> **Your instructions**: Print, exactly as written, the line containing "Moon Kiln Coffee Cup & Saucer Set" and every line after it, ending with the final line of the data below.

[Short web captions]
────────
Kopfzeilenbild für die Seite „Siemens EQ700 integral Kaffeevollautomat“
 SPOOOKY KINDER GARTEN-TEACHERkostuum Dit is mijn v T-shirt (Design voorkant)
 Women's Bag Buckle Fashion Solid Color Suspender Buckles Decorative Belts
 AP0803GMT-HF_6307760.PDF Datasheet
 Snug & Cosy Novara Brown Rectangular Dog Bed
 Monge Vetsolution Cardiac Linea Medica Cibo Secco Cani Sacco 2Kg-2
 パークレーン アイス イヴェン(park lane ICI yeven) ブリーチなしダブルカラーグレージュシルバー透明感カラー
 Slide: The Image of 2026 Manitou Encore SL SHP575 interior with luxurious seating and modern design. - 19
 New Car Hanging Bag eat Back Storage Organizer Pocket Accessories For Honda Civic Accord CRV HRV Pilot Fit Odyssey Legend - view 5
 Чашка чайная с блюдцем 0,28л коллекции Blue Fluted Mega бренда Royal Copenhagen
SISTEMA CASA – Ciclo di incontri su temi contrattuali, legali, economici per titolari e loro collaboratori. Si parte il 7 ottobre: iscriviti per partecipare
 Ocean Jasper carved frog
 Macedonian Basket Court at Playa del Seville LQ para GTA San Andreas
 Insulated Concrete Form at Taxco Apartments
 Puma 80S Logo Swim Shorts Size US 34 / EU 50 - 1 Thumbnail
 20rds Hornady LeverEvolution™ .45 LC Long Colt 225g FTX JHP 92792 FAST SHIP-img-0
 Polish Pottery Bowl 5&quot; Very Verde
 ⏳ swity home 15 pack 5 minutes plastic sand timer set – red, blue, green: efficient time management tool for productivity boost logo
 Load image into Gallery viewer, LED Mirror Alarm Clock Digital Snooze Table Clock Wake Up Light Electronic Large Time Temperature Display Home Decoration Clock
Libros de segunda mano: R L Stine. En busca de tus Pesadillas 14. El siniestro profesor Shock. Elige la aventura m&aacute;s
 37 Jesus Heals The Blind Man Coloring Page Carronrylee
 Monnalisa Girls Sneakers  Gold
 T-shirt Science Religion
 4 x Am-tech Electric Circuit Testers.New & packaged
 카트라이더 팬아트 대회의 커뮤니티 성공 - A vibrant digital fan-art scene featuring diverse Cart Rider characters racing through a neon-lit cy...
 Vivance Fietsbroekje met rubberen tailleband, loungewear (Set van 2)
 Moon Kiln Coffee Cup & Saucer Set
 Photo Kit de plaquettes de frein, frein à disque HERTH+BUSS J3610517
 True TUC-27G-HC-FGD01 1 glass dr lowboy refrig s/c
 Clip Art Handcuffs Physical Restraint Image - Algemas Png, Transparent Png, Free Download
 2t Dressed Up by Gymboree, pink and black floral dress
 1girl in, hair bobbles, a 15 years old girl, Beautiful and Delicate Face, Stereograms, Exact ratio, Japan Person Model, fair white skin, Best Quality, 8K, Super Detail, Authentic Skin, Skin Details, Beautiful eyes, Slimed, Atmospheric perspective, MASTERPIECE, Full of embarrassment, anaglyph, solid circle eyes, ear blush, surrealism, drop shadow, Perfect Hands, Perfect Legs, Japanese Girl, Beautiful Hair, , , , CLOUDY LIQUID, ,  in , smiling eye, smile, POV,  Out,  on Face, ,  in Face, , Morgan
────────
> **Your response**:
 Moon Kiln Coffee Cup & Saucer Set
 Photo Kit de plaquettes de frein, frein à disque HERTH+BUSS J3610517
 True TUC-27G-HC-FGD01 1 glass dr lowboy refrig s/c
 Clip Art Handcuffs Physical Restraint Image - Algemas Png, Transparent Png, Free Download
 2t Dressed Up by Gymboree, pink and black floral dress
 1girl in, hair bobbles, a 15 years old girl, Beautiful and Delicate Face, Stereograms, Exact ratio, Japan Person Model, fair white skin, Best Quality, 8K, Super Detail, Authentic Skin, Skin Details, Beautiful eyes, Slimed, Atmospheric perspective, MASTERPIECE, Full of embarrassment, anaglyph, solid circle eyes, ear blush, surrealism, drop shadow, Perfect Hands, Perfect Legs, Japanese Girl, Beautiful Hair, , , , CLOUDY LIQUID, ,  in , smiling eye, smile, POV,  Out,  on Face, ,  in Face, , Morgan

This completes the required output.